- Exercise objective -
Taking the line with "Last, remove the" as the first and the line with "This would be" as the last, set down the lines below exactly, pictures excluded.

- Data section -
══════════
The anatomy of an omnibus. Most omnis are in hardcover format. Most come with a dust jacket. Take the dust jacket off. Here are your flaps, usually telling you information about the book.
══════════
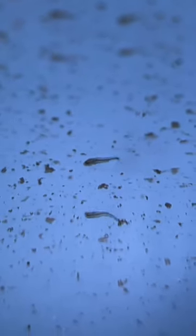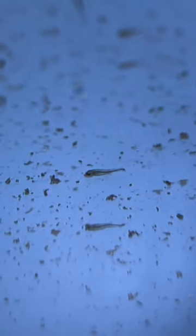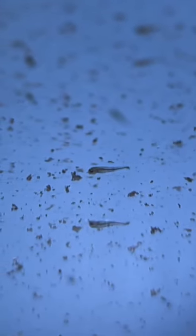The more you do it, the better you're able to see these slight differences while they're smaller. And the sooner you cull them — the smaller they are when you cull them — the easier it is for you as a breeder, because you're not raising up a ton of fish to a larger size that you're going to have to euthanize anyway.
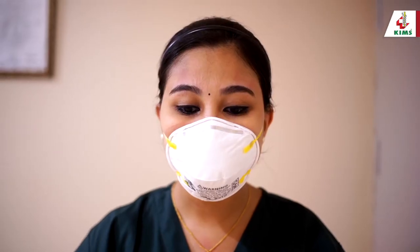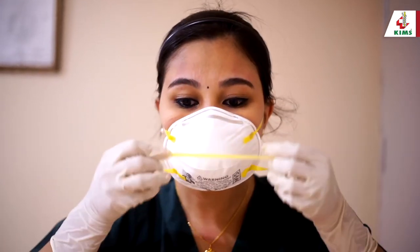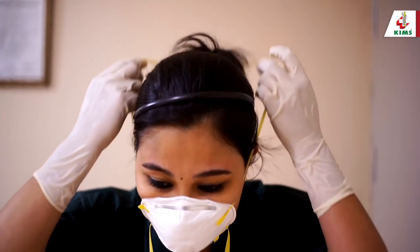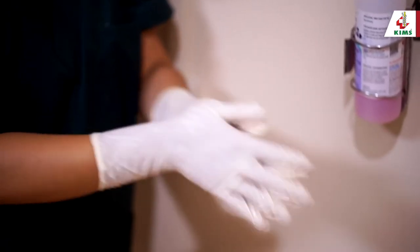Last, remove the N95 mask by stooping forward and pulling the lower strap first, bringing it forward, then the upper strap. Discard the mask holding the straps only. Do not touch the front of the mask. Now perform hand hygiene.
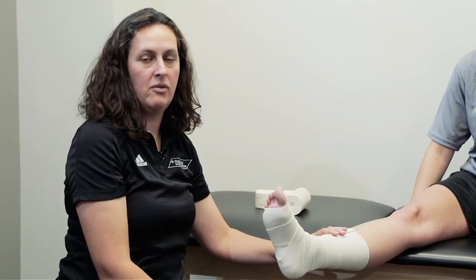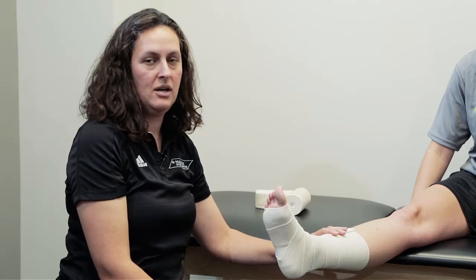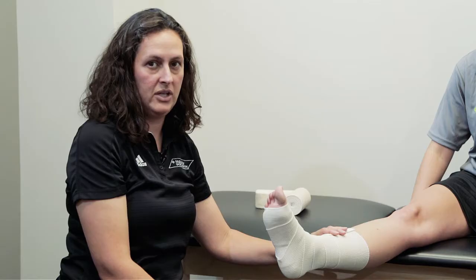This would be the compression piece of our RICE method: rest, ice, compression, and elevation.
══════════
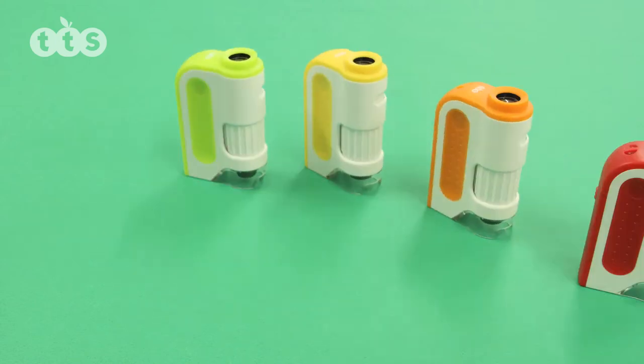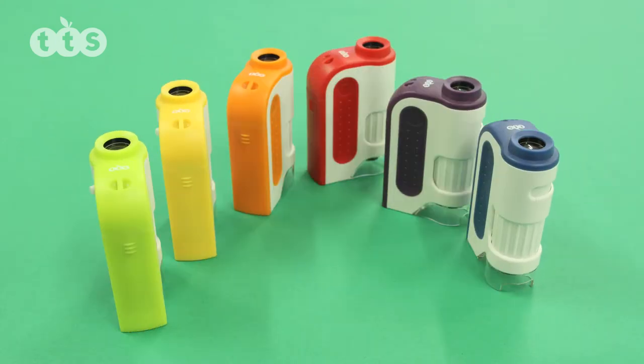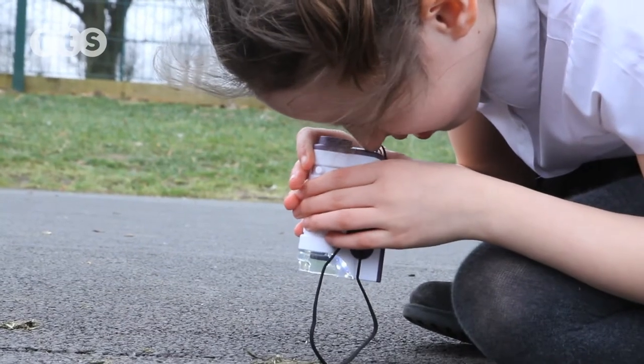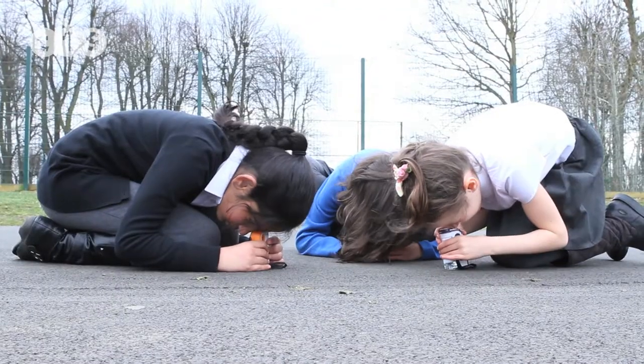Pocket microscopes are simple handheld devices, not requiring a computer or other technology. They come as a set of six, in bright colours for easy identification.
══════════
- The answer -
Last, remove the N95 mask by stooping forward and pulling the lower strap first, bringing it forward, then the upper strap. Discard the mask holding the straps only. Do not touch the front of the mask. Now perform hand hygiene.
This would be the compression piece of our RICE method: rest, ice, compression, and elevation.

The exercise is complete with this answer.